UML Scrapbook and Realization of Snapshot Programming Environment

We have developed SBUML (Scrapbook for UML), an extension of UML (User-Mode Linux), by adding checkpointing functionality to UML. In this paper, we first describe the design and implementation of SBUML, and then propose a new snapshot programming environment, which is realized by the SBUML programming interfaces. The intended applications of SBUML include intrusion detection and sandboxing for network security, and software model checking for verifying multi-threaded programs. In particular, using snapshot programming, one can enumerate state spaces of programs actually running under Linux.

GRT at the SBST 2015 tool competition

GRT (Guided Random Testing) is an automatic test generation tool for Java code, which leverages static and dynamic program analysis to guide run-time test generation. In this paper, we summarize competition results and experiences of GRT in participating in SBST 2015, where GRT ranked first with a score of 203.73 points over 63 Java classes from 10 packages of 9 open-source software projects.

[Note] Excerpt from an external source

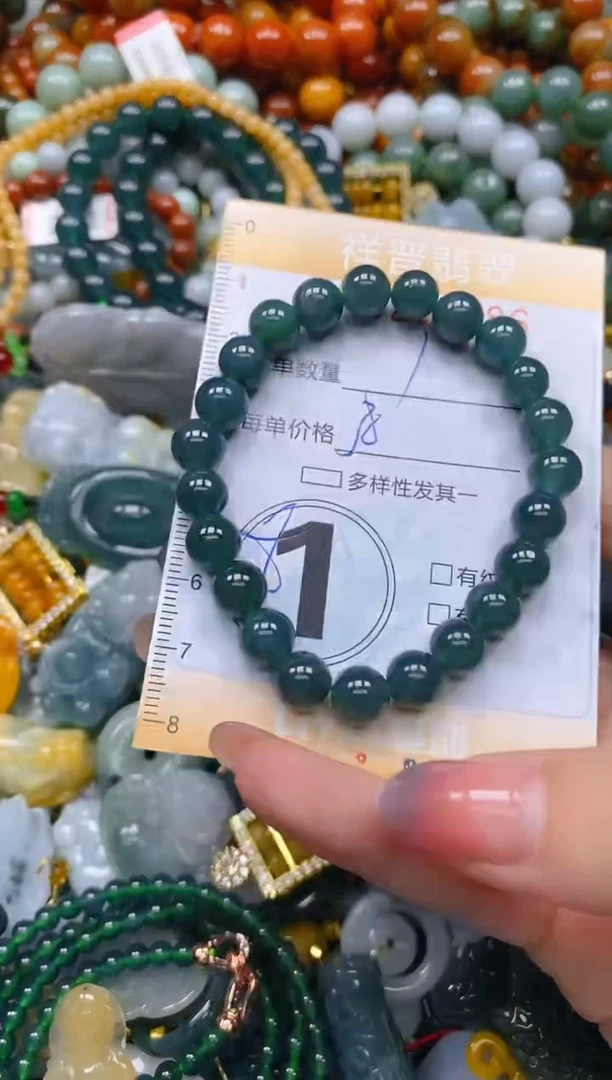 颈饰未镶嵌翡翠闪购0258786多样性发其一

Analysis of Synchronous and Asynchronous Cellular Automata Using Abstraction by Temporal Logic

We have been studying abstractions of linked structures, in which cells are connected by pointers, using temporal logic. This paper presents some our results for these abstractions. The system to be verified is a transition system on a graph. The shape of the graph does not change as a result of the transition, but the label assigned to each cell (node) changes according to rewrite rules. The labels of cells are changed synchronously or asynchronously. We abstract such systems using abstract cells and abstract graphs. Abstract cells are characterized by a set of temporal formulas, and different abstractions can be tried by changing the set of formulas. Some examples of analysis are also described.

Model checking distributed systems by combining caching and process checkpointing

Verification of distributed software systems by model checking is not a straightforward task due to inter-process communication. Many software model checkers only explore the state space of a single multi-threaded process. Recent work proposes a technique that applies a cache to capture communication between the main process and its peers, and allows the model checker to complete state-space exploration. Although previous work handles non-deterministic output in the main process, any peer program is required to produce deterministic output. This paper introduces a process checkpointing tool. The combination of caching and process checkpointing makes it possible to handle non-determinism on both sides of communication. Peer states are saved as checkpoints and restored when the model checker backtracks and produces a request not available in the cache. We also introduce the concept of strategies to control the creation of checkpoints and the overhead caused by the checkpointing tool.